*** EXCERPTED RECORDS Section Begins ***

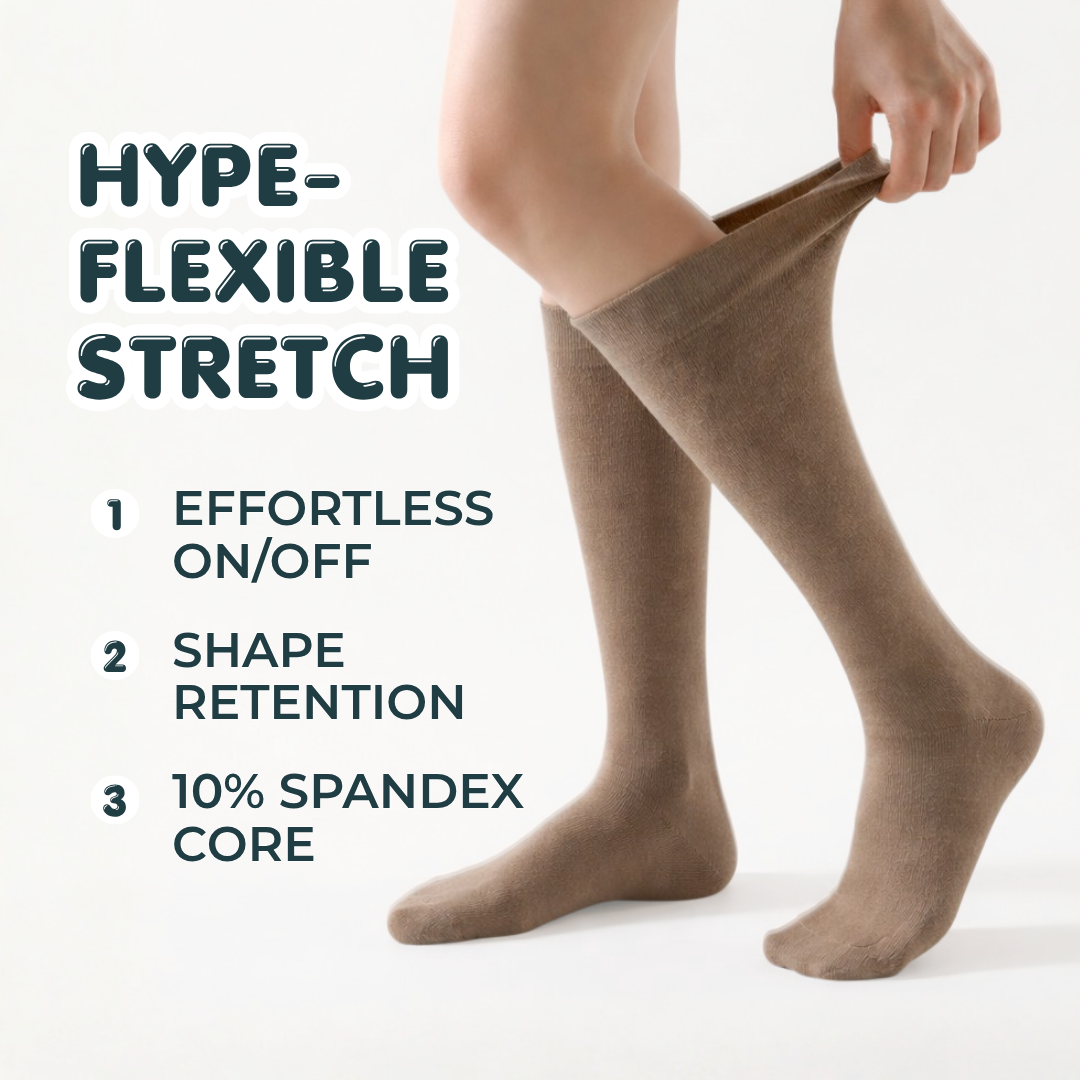 Lairos Premium Solids - Taupe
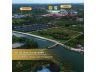 ขายที่ดินติดคลองบางช้าง 8-3-58 ไร่ คลองจินดา สามพราน รถเข้าถึง ราคา 16.9 ล้านบาท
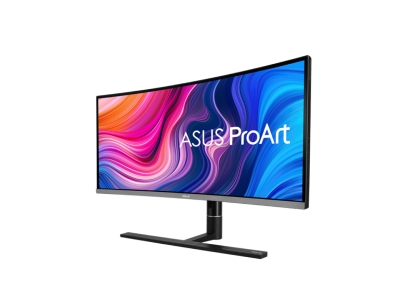  ASUS ProArt PA34VC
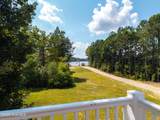 120 Evergreen Drive - Photo 4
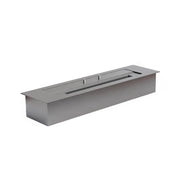 Superior-bioetanolipoltin - 2,5 l | 45 cm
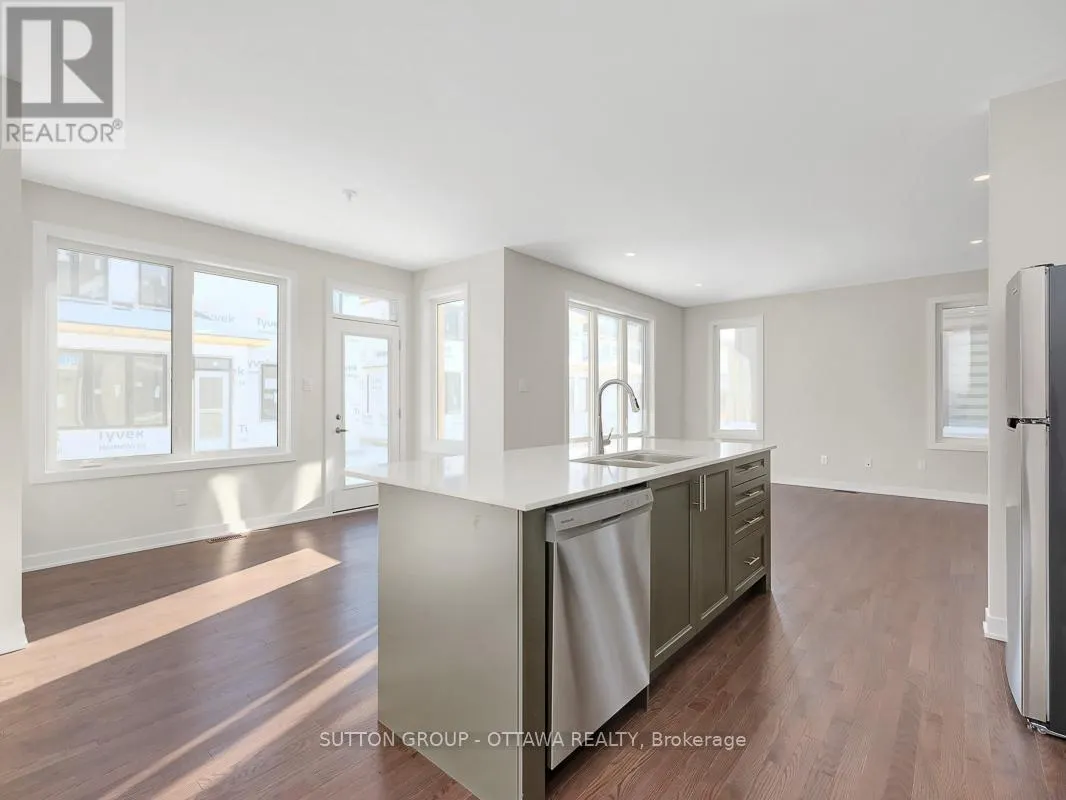 173 CONSERVANCY DRIVE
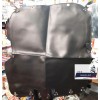 Тент Чехол (Кирзовый, самый плотный) коляски (650215) Днепр (Мт), К-750 (Касик), Урал, М-72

*** EXCERPTED RECORDS Section Ends ***

BRIEF
Apart from the pictures, repeat every entry exactly.

SOLVED EXERCISE
 Lairos Premium Solids - Taupe
 ขายที่ดินติดคลองบางช้าง 8-3-58 ไร่ คลองจินดา สามพราน รถเข้าถึง ราคา 16.9 ล้านบาท
  ASUS ProArt PA34VC
 120 Evergreen Drive - Photo 4
 Superior-bioetanolipoltin - 2,5 l | 45 cm
 173 CONSERVANCY DRIVE
 Тент Чехол (Кирзовый, самый плотный) коляски (650215) Днепр (Мт), К-750 (Касик), Урал, М-72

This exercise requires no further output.